On Dec 26, 2005, at 12:25 PM, Steve Peters wrote:
This problems seems to be related solely to BSD-based makes and not
GNU make.
On my OpenBSD system, "make -j2 disttest" fails with the default make,
but
works fine with a GNU make.
From my quick and dirty test, it appears that the cd's in a GNU make
are in
effect for the current command, but you are implicitly returned to your
start directory after the completed command. BSD doesn't return you
back to
your starting directory. Looking at the OpenBSD make(1) manpage, I
got a
hint to the fix.
-j max_jobs
Specify the maximum number of jobs that make may have
running at
any one time.
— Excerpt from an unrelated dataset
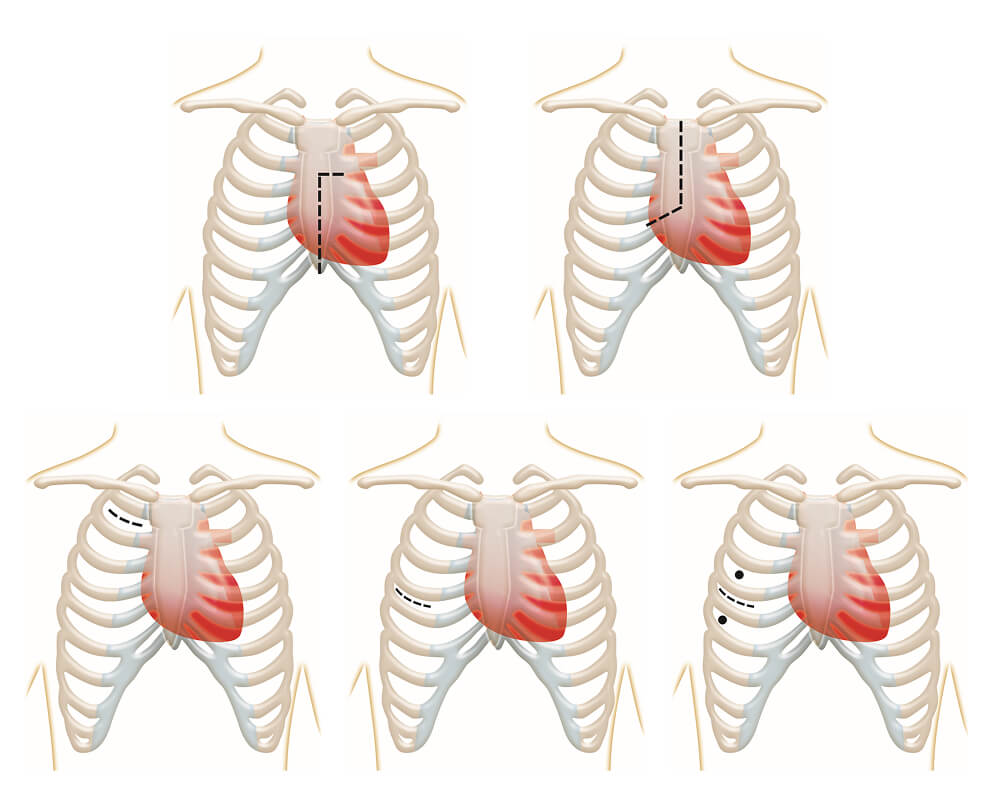 thoracotomy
Turns compatibility mode off, unless the
-B flag
is also specified.
So, after running "make -j2 -B disttest" everything compiled just
fine. Check
the FreeBSD make manpage to see if there is a similar "-B" flag. That
might be the fix you're looking for.
Or if we wanted to make a change in MakeMaker so that it could work
with just "make -j2" everywhere, maybe something like this would work:
disttest : distdir
cd $(DISTVNAME) && $(ABSPERLRUN) Makefile.PL && cd $(ORIGDIR)
cd $(DISTVNAME) && $(MAKE) $(PASTHRU) && cd $(ORIGDIR)
cd $(DISTVNAME) && $(MAKE) test $(PASTHRU) && cd $(ORIGDIR)
for some suitable value of $(ORIGDIR).